The opening ten minutes is delivered by Ed Gaughan who does a fine piece of stand-up and then introduces a piece of business – no spoilers here – which I thought incredibly risky in that it courts disappointment, and in the end seemed a bit long and pointless. However, the conceit transforms itself into a particularly good interpretation of the rude mechanicals, with Gaughan as a fine, electric guitar-playing Peter Quince – did I say it has musical numbers? –  Chris Branch (the musical director and keyboards) as Thysbe, and the drummer Alan Pagan giving his lion impression. He’s the drummer, what more do you want? Bottom is, of course, the singer.

The play proper begins with Theseus’s announcement of his coming nuptials, and then the lovers’ argument kicks off. There’s a lot of exposition and you need to focus, which is not easy when you’re fifty yards from the stage. Everyone is wearing radio mics, and standing quite a long way apart, which might explain why a couple of the cast seemed to be shouting despite the microphones, which doesn’t help the language. Lysander, an extremely good David Judge, whom I last saw giving a terrific plumber in The Kitchen Sink at Oldham Coliseum, seemed to have the measure of the acting style required. He didn’t shout, and had developed a gestural language that reinforced his meaning; a language which, by the end of the play, the others seemed to be using too.

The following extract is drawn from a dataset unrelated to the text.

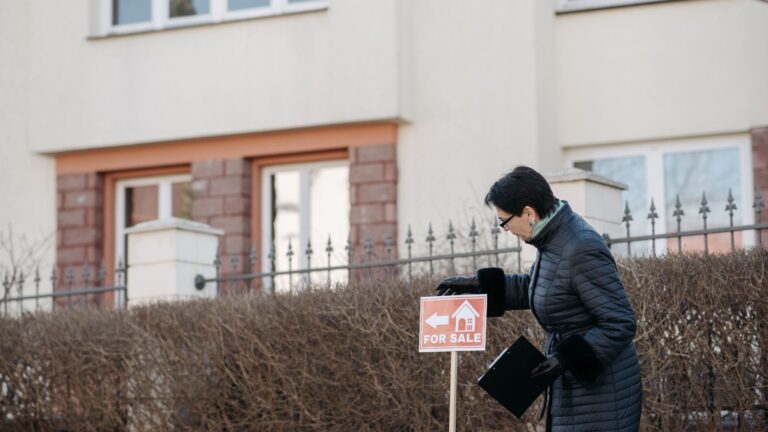 Vendre son bien immobilier rapidement : leviers pour ne pas traîner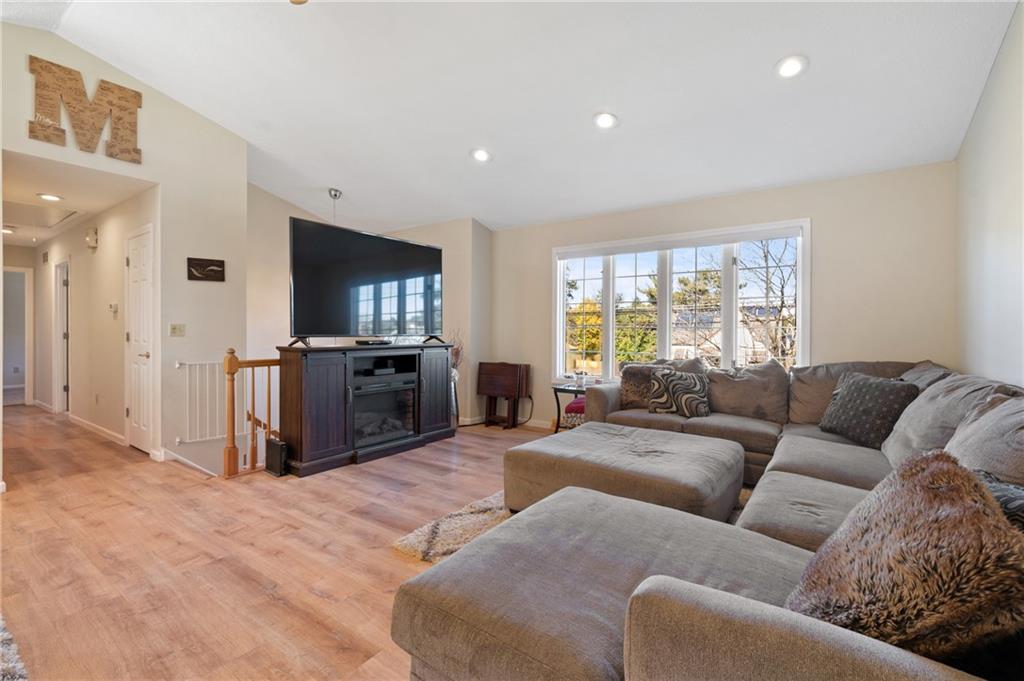 801 Wible Run Road Pittsburgh, PA 15209 - Photo 3 of 25 Gallery Image 3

Harry Jardine gives a pompous Theseus and doubles Oberon as a hilariously incompetent superhero dressed as a smurf. Hippolyta, a stern Carla Henry, makes for a raunchy Titania. Demetrius, a fine Karl Queensborough, does a decent Michael Jackson, which may be how he got the part of Hamilton in the West End. Meanwhile, Leah Walker plays a shortish Hermia and Misha Duncan-Barry gives a slightly taller Helena,and they both just got better and better. Puck, normally a mischievous fairy, is played here by Ferdy Roberts as a bolshie stage hand, and he nearly steals the show. The action is assisted by a sound design which helps with the magic and the settings. It also indicates Bottom’s transformation, but I’m not sure you’d get that if you didn’t know the play.

I’m required by my editor to give shows a star rating, and I feel a bit mean giving this three. Everyone is working really hard and some of it, particularly the fight in the forest, is very good indeed. It currently runs at one hr 45 mins. I reckon they could snip 15 minutes and then it would rip along and be worth at least four stars. I took a friend who’s an accomplished actor and whose last big job was a lead in the West End, and she concurred. We also agreed there was some rather good stuff in it that we were going to nick.